The Roosevelt Monument -
This is an incredibly fascinating monument. At 200 yards long it travels through his four terms as president. Many of his famous quotes are inscribed on the walls and the waterfalls are so loud that you can almost hear his words echoing in your head. The bronze fire-side chat, food line, and rural couple invoke a lot of emotion. How scary it must have been to have lived through this period in our country's history. I was left to wonder who will be the next American to lead us through our next difficult time?
The quote - "I have seen war...I hate war," has stayed with my six year old daughter. She sees a picture of FDR and tells me he hates war.
Lincoln Memorial -
Although, I had seen the actual statue of Lincoln in pictures, nothing prepared me for the size of this building. I was amazed and delighted. It is like having a piece of Greece in the United States. My children were humbled by this monument. The book store has some great resources on the president and the period of time he served.
Washington Monument -
Before visiting this famous obelisk, dedicated to George Washington, I was never impressed with it. My view of it is forever changed and I cannot tell you exactly why. Some of it has to do with the fact that it was built in the early 1800s. And then I think its placement is also significant. Both the Capital and the White House face this iconic image of the most famous founding father.
Korean War Monument -
Again, like the Roosevelt memorial, the emotions this monument invokes is hard to relate. I was very moved and it gave me a slightly spooky feeling. I would like to go back and just sit near this site.
Vietnam War Memorial -
This wall, that is built into a natural hill, lists all of the soldiers who died in the war. During the fall season the colors of the trees and the clear blue sky are reflected in it. There is a bit of sadness here as we watched people scratch names off the wall, onto sheets of paper. It is similar to visiting a cemetery.
World War II Memorial -
The best way to describe this shrine, is perfect.
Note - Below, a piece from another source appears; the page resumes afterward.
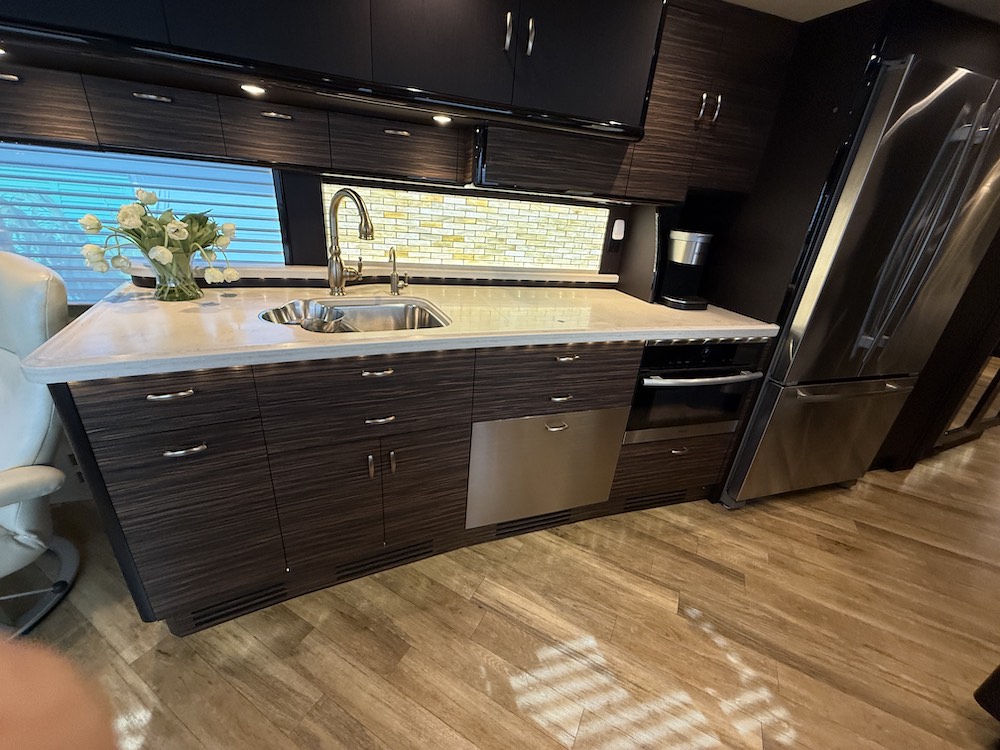 2016 Prevost Liberty H3-45 For Sale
It is grand, peaceful and majestic. It is placed in the most ideal location, between the Lincoln Memorial and the Washington Monument. Each state is represented on a post with a brass wreath adorning it, and they surround the oval water fountain. It is just perfect and I am so pleased we could see it.
What I learned about Washington D.C. and my field trip summary-
*Food is expensive. There aren't any vendors on the mall, except the National Park Service restaurants and trinket stores.
*The museums have places to eat but they are even more expensive then what NPS offers.
*I am not sure how to avoid paying a lot for your meals. I couldn't imagine carrying all of your food through the city. I suppose that if you had a large family you could take turns wearing the back pack full of sandwiches.
*All of the Smithsonian Museums are free, but you still need tickets to the Holocaust Museum.
*There are restrooms at the monuments and many are open late.
*I highly recommend the Old Town Trolley. You can hop on and off throughout the city, the drivers are very informative and professional, and they go all the way out to the Union Train Station and Arlington National Cemetery. At $35 a day for adults and $25 for children, I felt they were very reasonable and well worth it.
*Staying at the Embassy Suites in Vienna, Virginia worked out very well. The hotel shuttle delivered us to the train station each morning and then we hopped on board for an easy ride to the city. There is only one subway line at this station, and this makes it very difficult to get confused.
I give this field trip four stars out of five.